The cap has been tossed, the degree is on the wall, and the "real world" beckons. But as you’re closing out your college chapters, you might notice a lingering balance in your 529 College Savings Plan.  Don’t panic—and definitely don’t just "cash it out" yet. Having "too much" money for college is what we call a high-quality problem. Thanks to recent legislative changes, you have more flexibility than ever to put that money to work without getting hit by the IRS.  Here is your roadmap for handling a 529 surplus.

1. The New Gold Standard: The Roth IRA Rollover
For years, the biggest fear with 529s was "over-saving" and losing earnings to penalties. The SECURE 2.0 Act changed the game. You can now roll over up to $35,000 (lifetime limit) from a 529 into the beneficiary’s Roth IRA.
  • Why it’s great: It jump starts a retirement nest egg tax-free.
  • The Fine Print: The account must have been open for 15 years, and the funds you’re moving must have been in there for at least 5 years. You’re also limited by the annual IRA contribution cap (currently $7,000).
  • Check the details: Use resources like the Fidelity 529-to-Roth Guide to see if you meet the specific timeline requirements.
2. Crush Remaining Student Debt
Did you take out a small loan to build credit, or did the 529 not cover everything in year one? You can use a lifetime maximum of $10,000 per individual from a 529 plan to pay down qualified student loans. This applies to the beneficiary and their siblings.
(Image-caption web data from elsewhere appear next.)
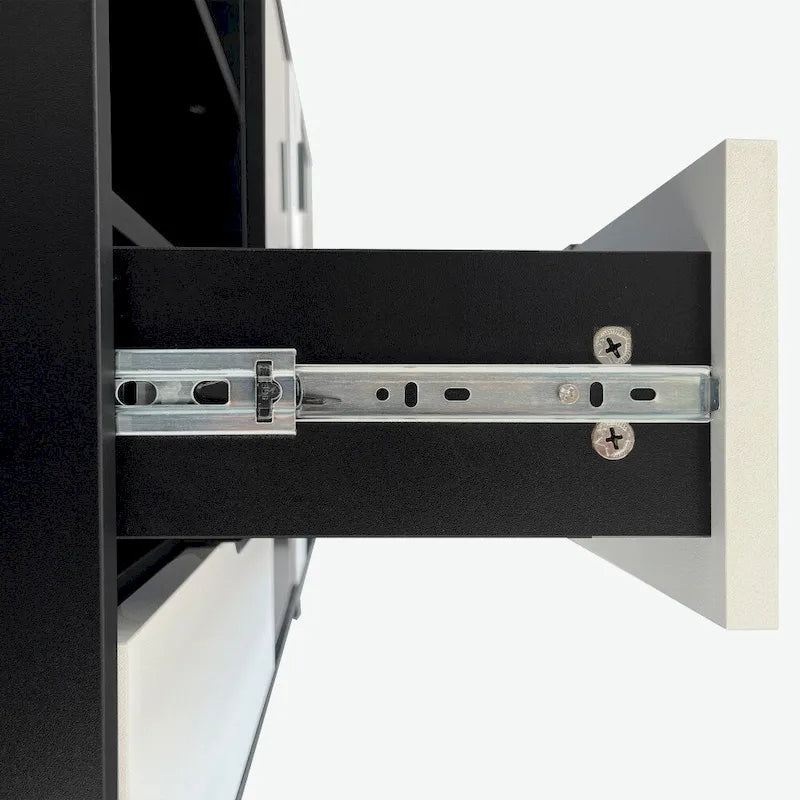 55.1 Two-door Storage Cabinet with Two Drawers and Metal Handles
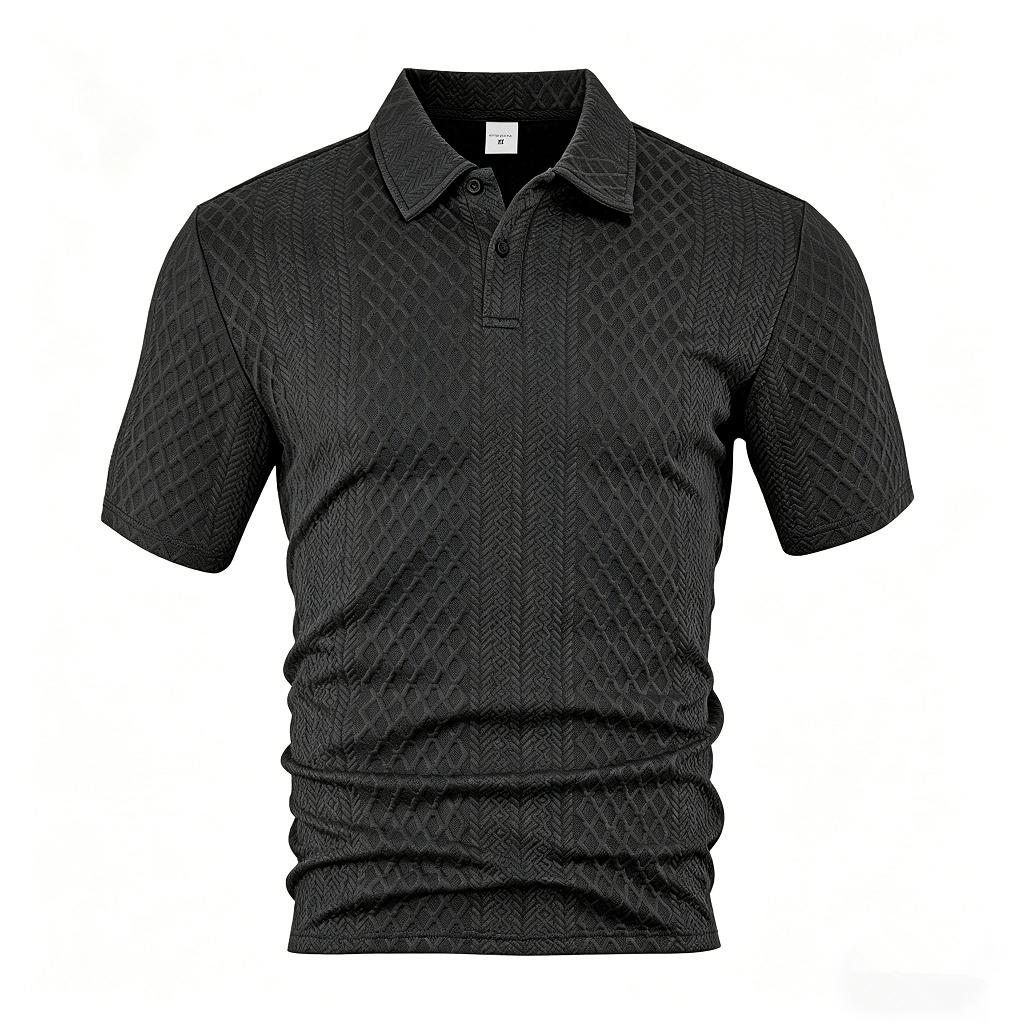 European and American Men's Summer Thin, Loose, Breathable, Casual Solid Color Jacquard Lapel Short Sleeved Polo Shirt for Men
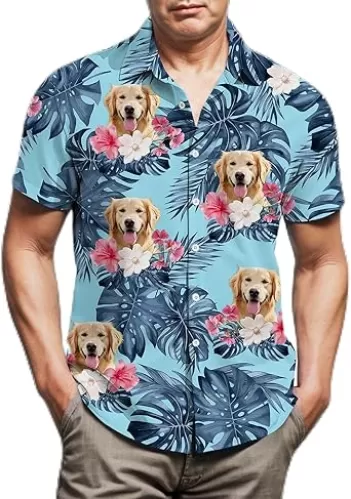 Dog Hawaiian Shirt for Men, Button Down Beach Casual Shirts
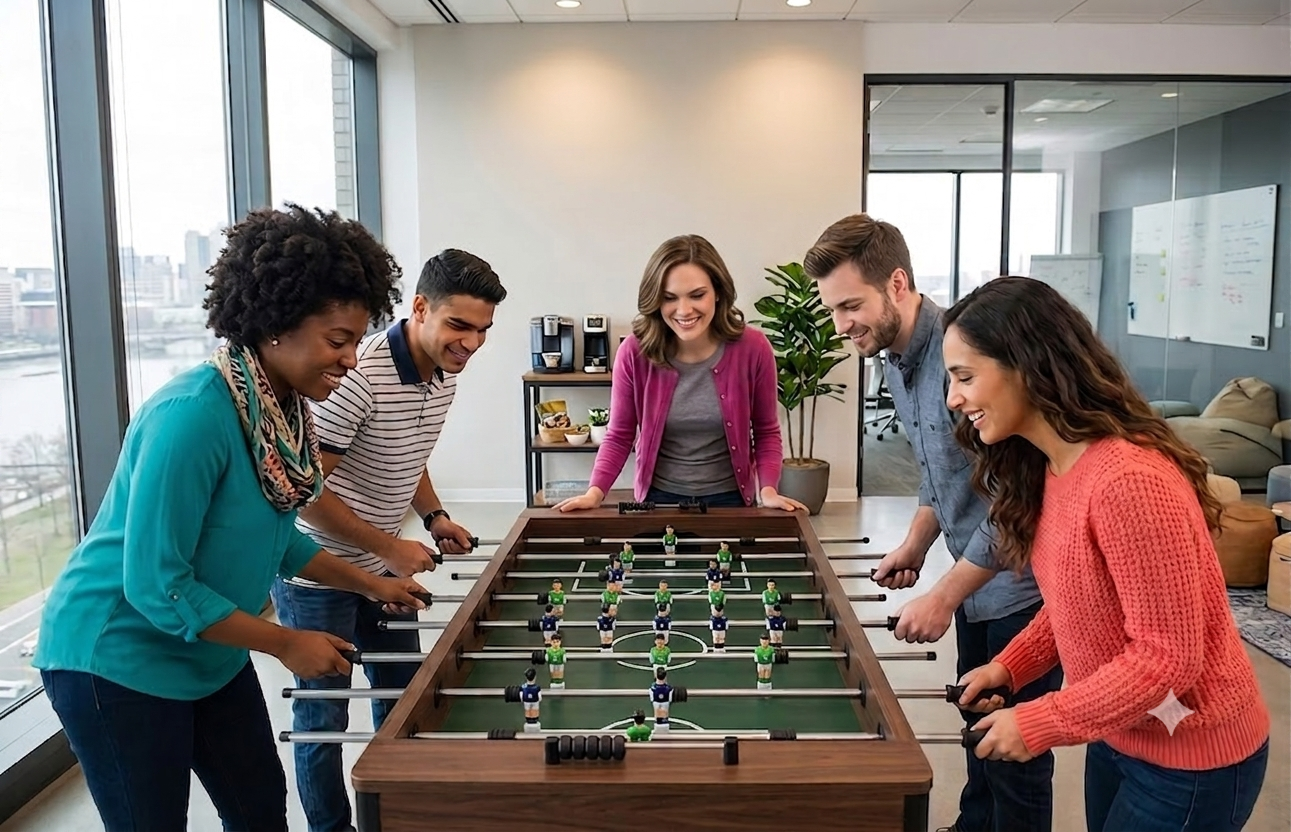 Zazz colleagues playing table football in the office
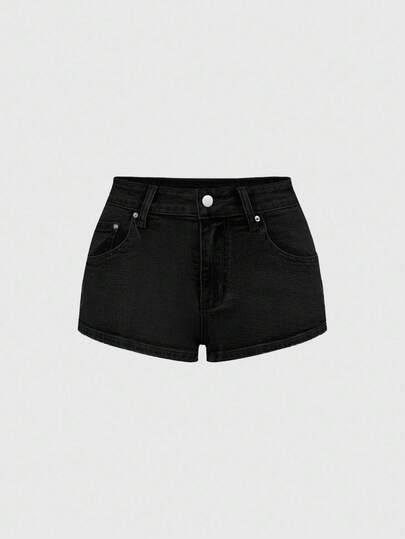 Grunge Punk Vintage Y2K Women's Super Low Waist Ultra Short Denim Shorts With Rear Pocket Star Patch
3. Keep it in the Family (Change the Beneficiary)
One of the most powerful features of a 529 is its portability. If the original student is done with school, you can change the beneficiary to another "qualified family member" with zero tax consequences.
  • Who counts? Siblings, cousins, nieces, nephews—even the account owner (you!).
  • The "Legacy" Play: Many parents leave the funds to simmer for future grandchildren, creating a multi-generational educational trust.
4. Save for "Round Two" (Graduate School)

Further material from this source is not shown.